DIRECTIONS =
If a line in the records below holds the word "white", copy it.

Stored data entries =
Segment Open
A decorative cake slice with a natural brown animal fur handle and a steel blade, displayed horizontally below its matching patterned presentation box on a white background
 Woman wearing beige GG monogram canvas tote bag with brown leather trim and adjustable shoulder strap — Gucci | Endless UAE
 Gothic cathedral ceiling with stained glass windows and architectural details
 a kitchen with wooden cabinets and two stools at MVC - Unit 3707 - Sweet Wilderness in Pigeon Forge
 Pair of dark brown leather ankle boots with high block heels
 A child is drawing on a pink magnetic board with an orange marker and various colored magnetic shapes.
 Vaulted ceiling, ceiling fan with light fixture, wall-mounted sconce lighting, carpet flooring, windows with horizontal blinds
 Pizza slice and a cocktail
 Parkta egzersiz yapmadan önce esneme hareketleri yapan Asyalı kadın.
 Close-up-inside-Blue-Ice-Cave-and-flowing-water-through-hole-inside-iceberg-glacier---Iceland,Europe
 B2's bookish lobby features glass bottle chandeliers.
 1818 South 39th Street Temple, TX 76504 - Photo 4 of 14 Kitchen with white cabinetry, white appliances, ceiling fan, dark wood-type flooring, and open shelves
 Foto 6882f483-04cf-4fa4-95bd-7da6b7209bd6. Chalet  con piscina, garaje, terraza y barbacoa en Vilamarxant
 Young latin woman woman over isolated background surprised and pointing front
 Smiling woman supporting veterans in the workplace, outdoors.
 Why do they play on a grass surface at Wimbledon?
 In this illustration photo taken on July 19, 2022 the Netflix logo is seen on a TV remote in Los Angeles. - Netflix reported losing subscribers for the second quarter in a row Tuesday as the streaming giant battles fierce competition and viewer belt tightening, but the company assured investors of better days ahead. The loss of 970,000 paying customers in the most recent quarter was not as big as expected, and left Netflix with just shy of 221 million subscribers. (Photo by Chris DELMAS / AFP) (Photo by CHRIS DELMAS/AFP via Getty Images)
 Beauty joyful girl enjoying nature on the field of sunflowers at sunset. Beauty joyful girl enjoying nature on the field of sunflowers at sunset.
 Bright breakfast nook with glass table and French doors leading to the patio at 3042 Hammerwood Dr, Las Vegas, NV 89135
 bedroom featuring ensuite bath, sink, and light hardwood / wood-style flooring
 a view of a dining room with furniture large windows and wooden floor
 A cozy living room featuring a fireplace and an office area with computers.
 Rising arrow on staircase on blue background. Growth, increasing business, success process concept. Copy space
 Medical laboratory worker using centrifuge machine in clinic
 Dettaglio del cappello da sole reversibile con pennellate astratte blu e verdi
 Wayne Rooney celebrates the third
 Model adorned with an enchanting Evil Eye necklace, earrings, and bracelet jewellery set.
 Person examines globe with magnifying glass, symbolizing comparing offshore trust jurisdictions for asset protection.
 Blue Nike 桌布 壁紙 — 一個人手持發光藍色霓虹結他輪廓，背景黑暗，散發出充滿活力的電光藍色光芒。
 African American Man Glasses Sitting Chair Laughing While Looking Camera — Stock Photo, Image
Segment Closed
WRITTEN SOLUTION =
A decorative cake slice with a natural brown animal fur handle and a steel blade, displayed horizontally below its matching patterned presentation box on a white background
 1818 South 39th Street Temple, TX 76504 - Photo 4 of 14 Kitchen with white cabinetry, white appliances, ceiling fan, dark wood-type flooring, and open shelves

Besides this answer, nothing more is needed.